C’est une chance que le site officiel continue d’offrir ces instants de vie à bord de La Boudeuse et qu’il renouvelle l’expérience du journal de bord. Un livre pour le lecteur où écrire des pages à son tour car nécessairement les mots donnés en appellent d’autres dans la construction d’un imaginaire de l’autre, du bord. Le fait aussi que la plume soit donnée à ceux qui s’investissent à bord et pas seulement au capitaine, me fait penser parfois au bâton de parole, la Boudeuse devenant l’arbre à palabre.
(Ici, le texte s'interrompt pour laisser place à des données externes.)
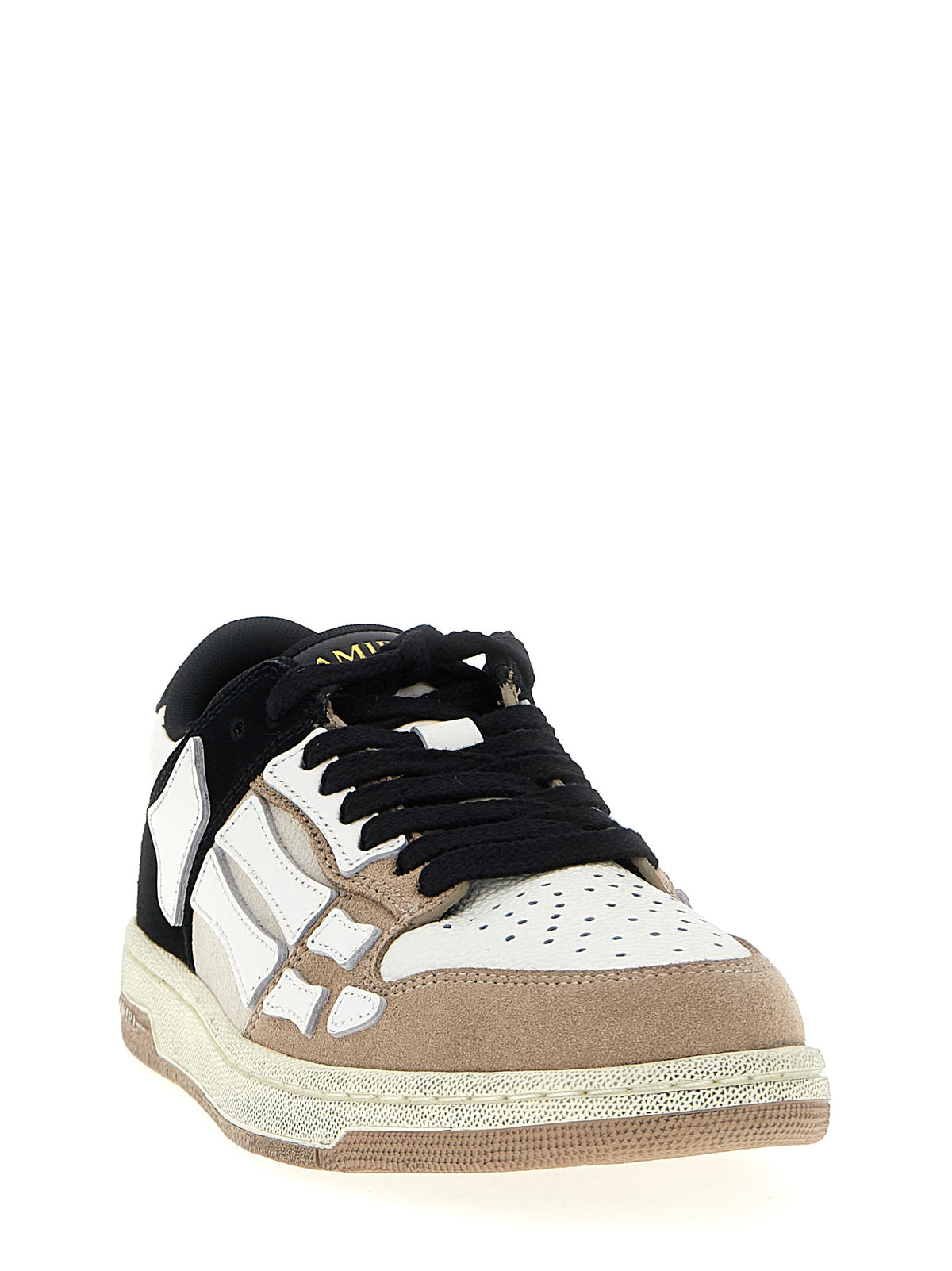 Amiri Amiri 'Histressed Skel Top Low'スニーカー - Image 7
Et les hommes parlent avec son bois, son acier, ses odeurs réelles ou imaginaires, … en homme bleu sur laquelle la Boudeuse a déteint. C’est un régal de découvrir ces mots, en plus ils sont portés avec humour et humilité. Merci à ceux qui se risquent à écrire. Ce que j’aime aussi c’est cette rencontre entre l’imaginaire que l’un c’était fait et l’imaginaire de l’autre fait de pragmatisme, de ce paradoxe d’habitudes de l’aventure où l’imaginaire ne doit s’attendre à rien tant qu’il n’est que rêve construit sur l’image. Ainsi, celui qui arrive doit d’abord se défaire de son imaginaire, le frotter, le tailler à la réalité…Car il doit d’abord vivre à pleines mains le présent du bateau pour le préparer autant que le bateau va façonner celui qui va le travailler…. Et l’amener peu à peu dans le monde de l’aventure. En commençant par l’apprendre dans son travail, son vocabulaire, ce qui ne s’attendait pas …Et on comprend bien que lorsque La Boudeuse quittera le quai, ce ne sont pas que les poulies qui vont vibrer mais aussi toutes ces parts d’investissement que chacun aura données comme autant de parts de lui-même. Le bateau que l’on sent vivant, prêt à s’échapper tout seul, est vivant de ces volontés en mouvement, de ces imaginaires confrontés, travaillés. Ces savoir faire font sûrement partie intégrante de la technique qui permet à ce que peu à peu le groupe trouve une cohésion, un socle de valeurs sur lesquelles se retrouver et construire le projet, le vivre
à partir de ces repères qui seront des balises utiles au moment des coups durs, des frictions, des fatigues…La vie d’un collectif dans un espace « réduit » plus que fermé, car il est en permanence ouvert à l’errance et à l’insécurité qu’elle peut produire, est compliquée car il faut que cette seule terre à bord soit ferme, à la fois abri et route à tracer. L’histoire des explorations semble avoir montré que cette cohésion, cette matière humaine, n’est jamais simple à créer et favoriser. C’est ce que cet article d’Alain Morgat, sur les Mésententes cordiales, Les relations entre les officiers de marine et les savants dans les voyages de découvertes français du XVIII e siècle, nous relate.
Bien évidemment mes mots aussi ne sont qu’un imaginaire écrit à partir de ce que j’ai lu d’un témoignage… Dans le virtuel de Bordencre, il va falloir trouver un bleu de chauffe à la souris avant de penser à son gilet de sauvetage….J’entends le clavier qui sourit.